Wilderness

Green plains and a lake with a mountain range in the background.

Explore Wilderness Areas

Wilderness areas are wild, undeveloped, federally protected areas where you can see wildlife in its natural habitat, enjoy adventure and unmechanized recreation, or just relish solitude. The U.S. Fish and Wildlife Service manages more than 20 million acres of Congressionally designated wilderness — about one-fifth of all the designated wilderness in the nation. 

About Wilderness Areas

Refuge wilderness areas contribute valuable wetlands, coastal islands and deserts to the National Wilderness Preservation System, in which the U.S. Fish and Wildlife Service, Bureau of Land Management, the U.S. Forest Service and the National Park Service conserve designated wilderness. National wildlife refuges allow visitors to explore wilderness without motor vehicles, motorized equipment or mechanical transport such as bicycles.

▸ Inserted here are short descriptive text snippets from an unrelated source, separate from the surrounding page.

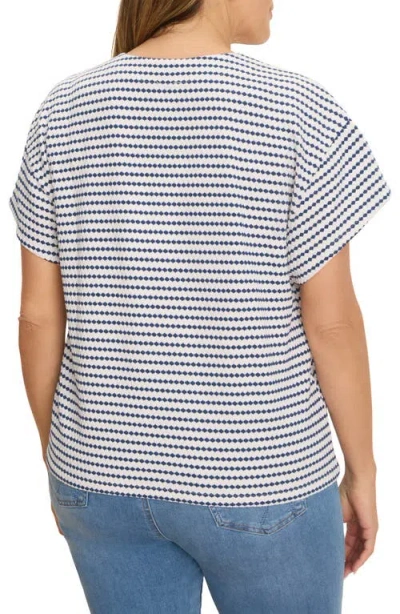 Nic + Zoe Nic+zoe Diamond Stripe Top In Multi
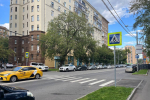 Благодаря предложению, создали безопасные и удобные пешеходные переходы на Старомарьинском шоссе, а также на Староалексеевской и Филаретовской улицах. Фото: пресс-служба Департамента транспорта и развития дорожно-транспортной инфраструктуры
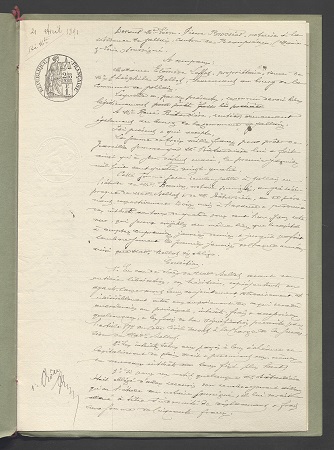 Acte d’obligation dressé par Maître Brossier, notaire à Jallais, 21 avril 1891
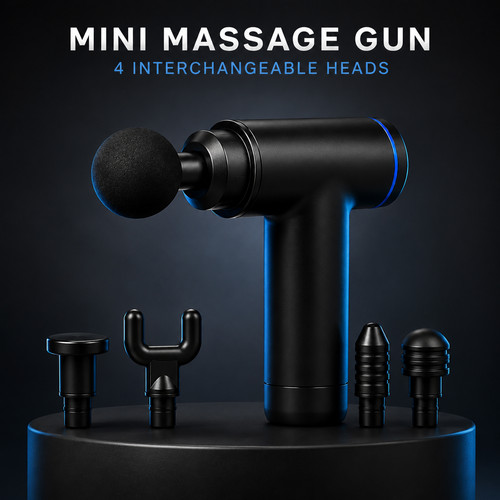 Heads muscle massage gun - massage,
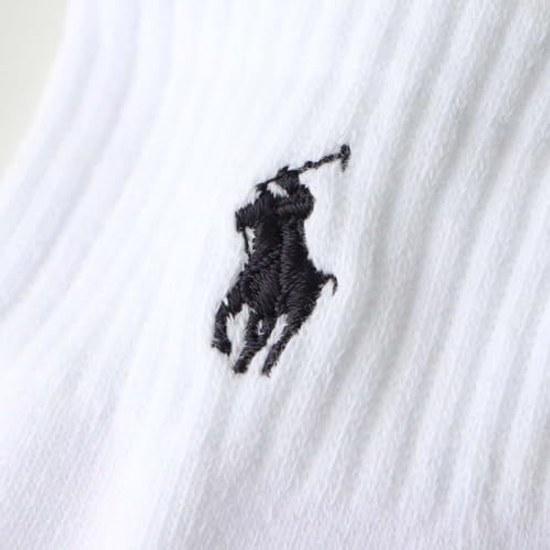 POLO RALPH LAUREN Socks Set 3 Mens Pile Sole One Point Short Unisex Adult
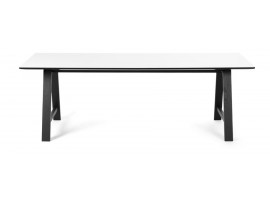 Table de repas  scandinave à rallonge modèle T1. Stratifié ou linoléum. De 160 cm à 310 cm. 6/12 pers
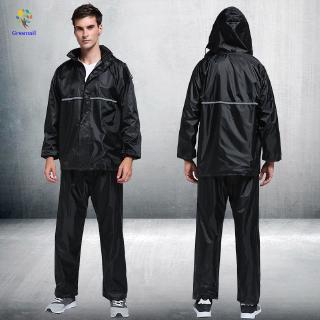 Men Women 2 Piece Set Raincoat Adult Impermeable Rain Coat Jacket Pants Suit Outdoor Camping Climbing Motorcycle Poncho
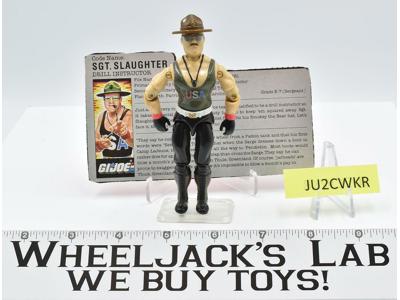 Sgt. Slaughter RED BACK V1 1986 GI Joe ARAH Vintage Hasbro Action Figure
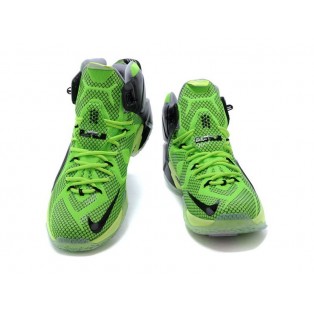 Nike Lebron 12/XII - Chaussures Nike Baskets Nouvelle Pour Homme Noir/Vert 684493-609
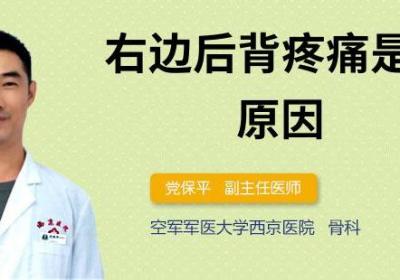 右边后背疼痛是什么原因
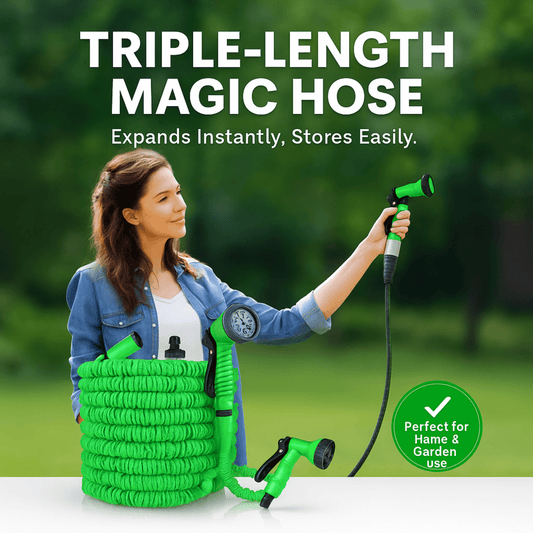 خرطوم مياه قابل للتمدد حتى 15 متر للتنظيف والحدائق المنزلية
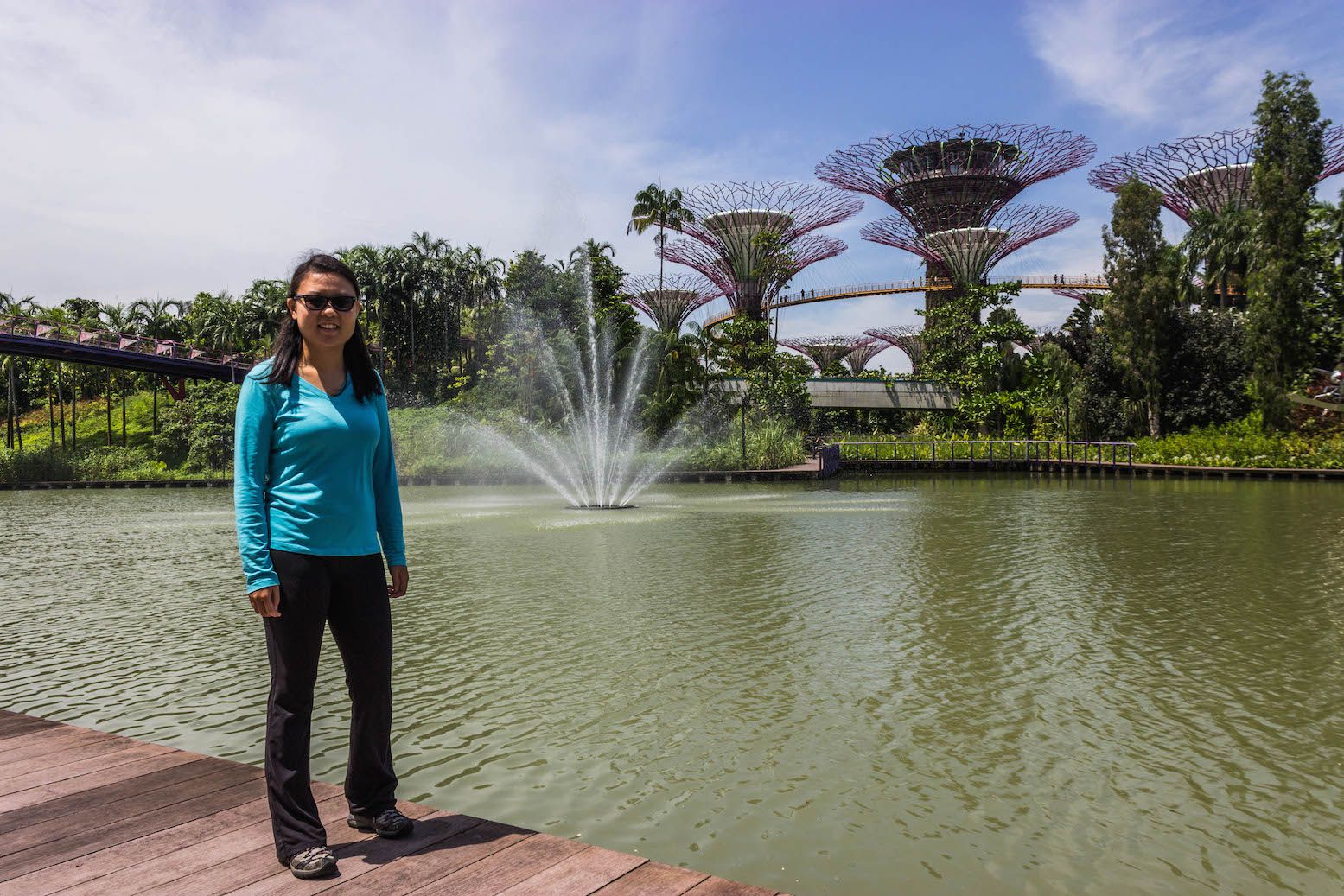 Julie at the Gardens by the Bay, Singapore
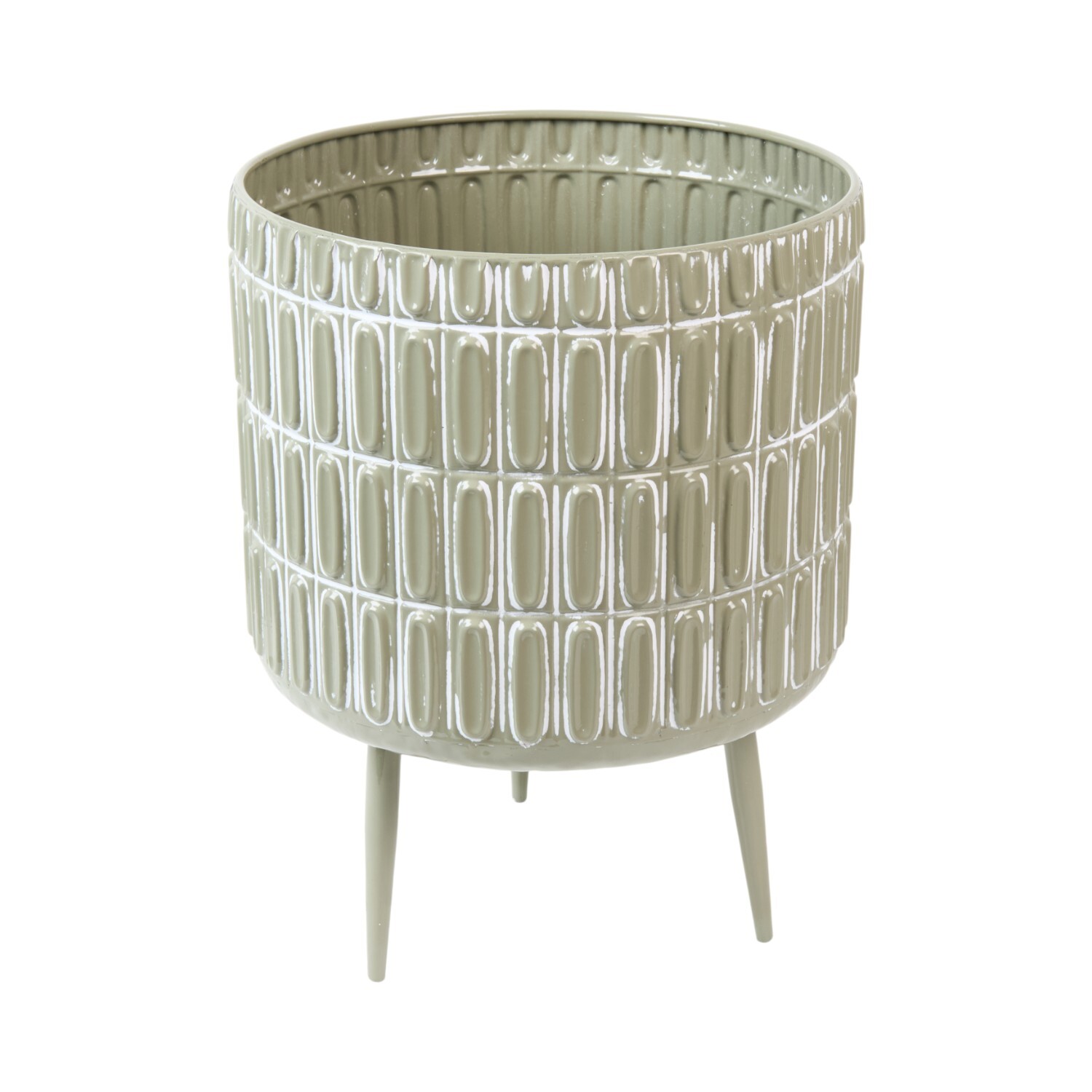 Isla Large Footed Planter Sage Green Image 4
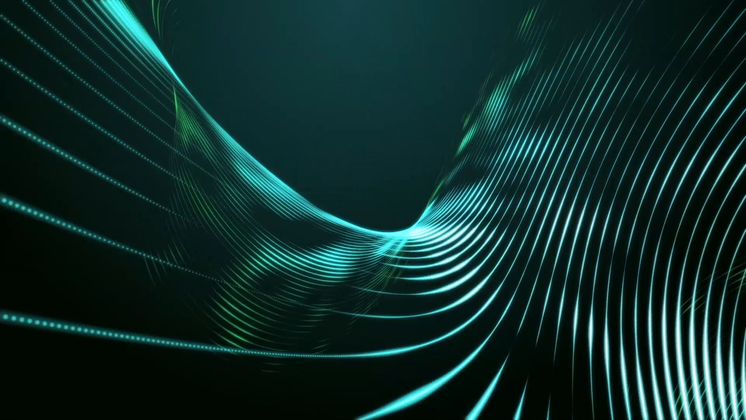 Free Video Effect of Looping Green Swirls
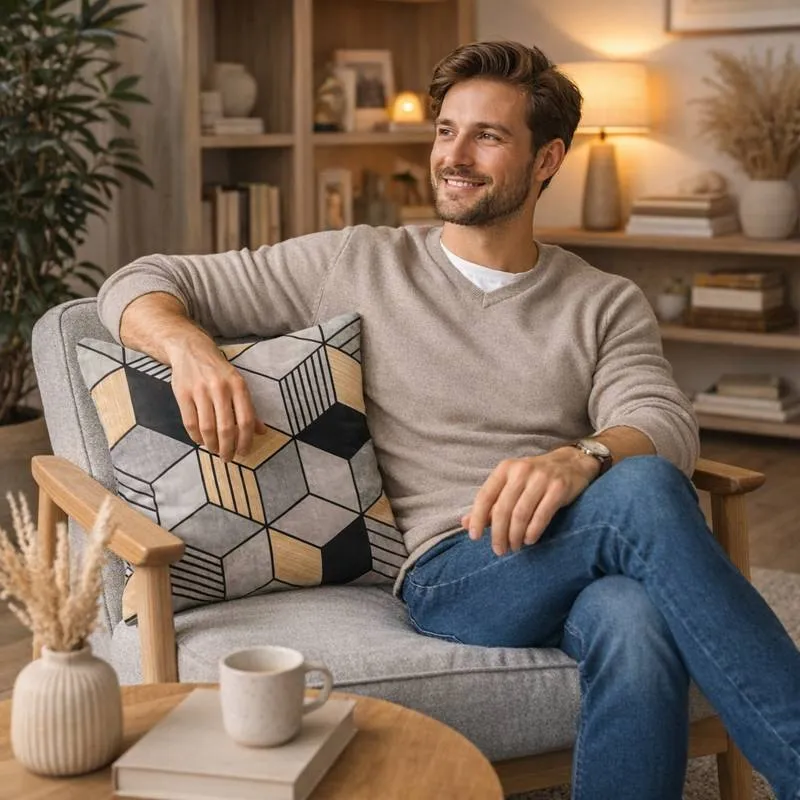 Housse Coussin Carré Urbain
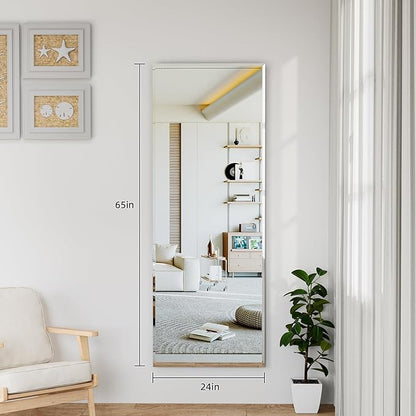 wall Mirror Full Length,65X24 FullL ength Mirrorwallmounted,Bedroom/wall/Bathroom/Makeup Area/Cloakroom (65 * 24 Inch)
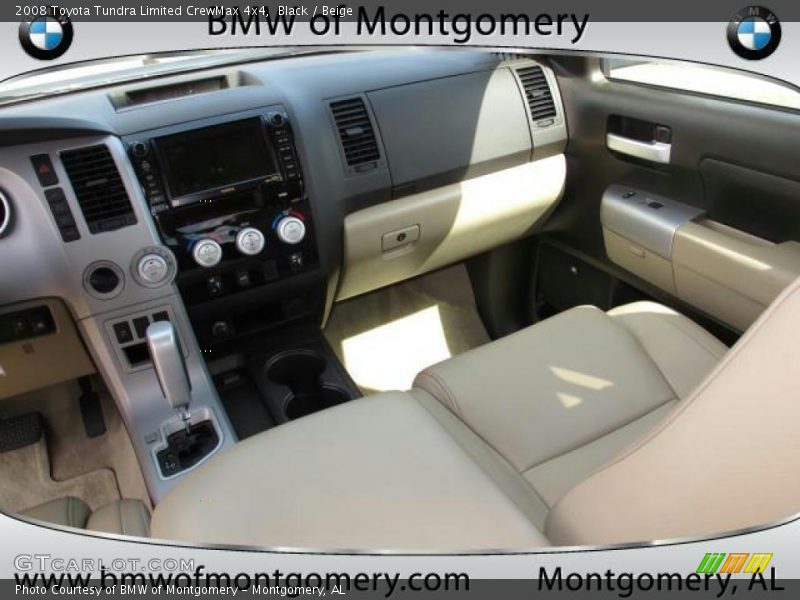 Black / Beige 2008 Toyota Tundra Limited CrewMax 4x4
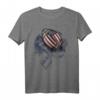 American Football Sport Ball Geschenk T-Shirt – Patriotisches Fan-Shirt für Feiertage & Militärveteranen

Some refuges may limit public use to protect wildlife and its habitat.

 

Proposed Wilderness Areas

An area becomes proposed wilderness when the Secretary of the Interior recommends to the president that it be designated as wilderness and included as part of the National Wilderness Preservation System, and the president transmits a proposal to that effect to Congress.  

The Refuge System manages proposed wilderness the same way it does designated wilderness; It manages these areas to preserve their wilderness character. This maintains Congress’s authority to designate these areas as wilderness in the future, should it choose to do so.    

Of the 14 million acres of proposed Refuge System wilderness, 12 million are in the Arctic National Wildlife Refuge.